Santa Muerte is the fastest growing religion in the Americas, said Andrew Chestnut, a professor of religious studies at Virginia Commonwealth University, in a lecture on Wednesday.
Santa Muerte is the Mexican folk saint of death. Folk saints primarily include Hispanic women who were considered miracle workers during their lives but were not officially canonized by the Catholic Church.
“Latin America is very strange in that it is the most Catholic region on Earth … but somehow the 10,000 Catholic saints weren’t enough for Latin America,” Chestnut said. “So in a void of … people who resonate better with Latin Americans, they created folk saints.”
Followers of Santa Muerte have broken off from the Catholic Church to create their own religion as the Catholic Church continuously condemns the folk saint, Santa Muerte, since it doesn’t align with their beliefs.
The majority of Santa Muerte followers are from the working class, and the religion has attracted more marginalized groups, contributing to its growing following, Chestnut said.
“She has become known as a multifaceted, multitasking miracle worker,” Chestnut said. “One of the advantages she has over Catholic saints is that she doesn’t specialize in one aspect. Santa Muerte does it all.”
Santa Muerte has also become associated with organized crime. Chestnut said the first time Santa Muerte was reported in the media was following the death of UT student, Mark Kilroy, in 1989. Kilroy was kidnapped from South Padre Island during spring break and used as a human sacrifice in Mexico.

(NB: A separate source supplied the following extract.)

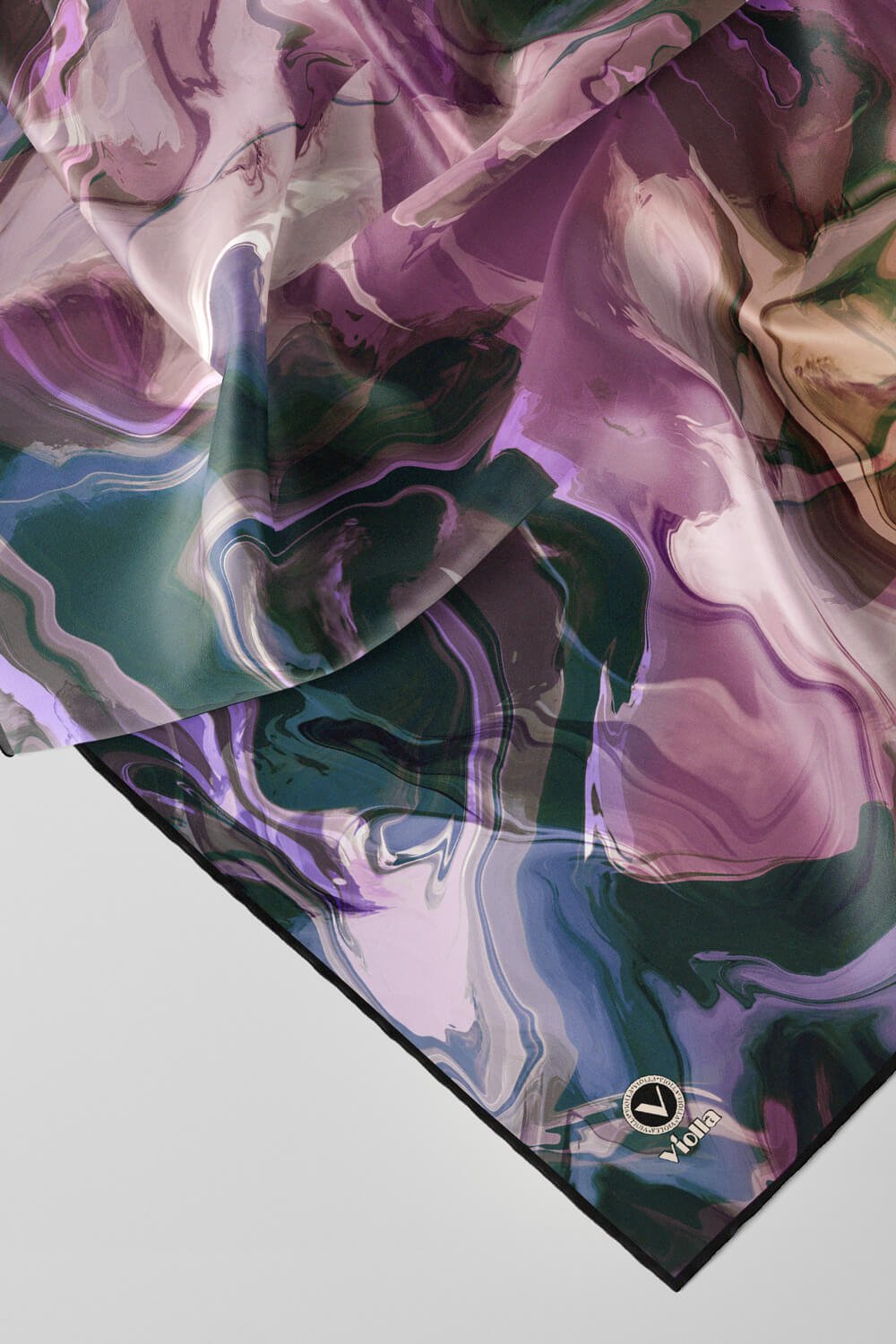 Twill Batik Desenli Petrol Yeşili Renkli 90x90 Eşarp (İpek İçermez) Kenar Dikiş Şekli El Dikişli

“It is true that she has become the preferred religious deity for Mexican cartel members, because if you’re a cartel member you’re scraping by death,” Chestnut said. “So who better to ask for more time alive than death herself?”
Jennifer Graber, associate professor of religious studies and organizer of the lecture, said she wants people to look beyond the sensationalized reports of Santa Muerte.
“It’s such a fast-growing movement, yet so few people outside of the religion understand what it is,” Graber said.
Gabriela Kane, Latin American studies graduate student, attended the lecture wearing a Santa Muerte shirt. Kane said she is fascinated with death and Santa Muerte.
“Embracing death is something that is unique to the worship of Santa Muerte,” Kane said. “Santa Muerte offers love, but it’s a different type of love than most religions.”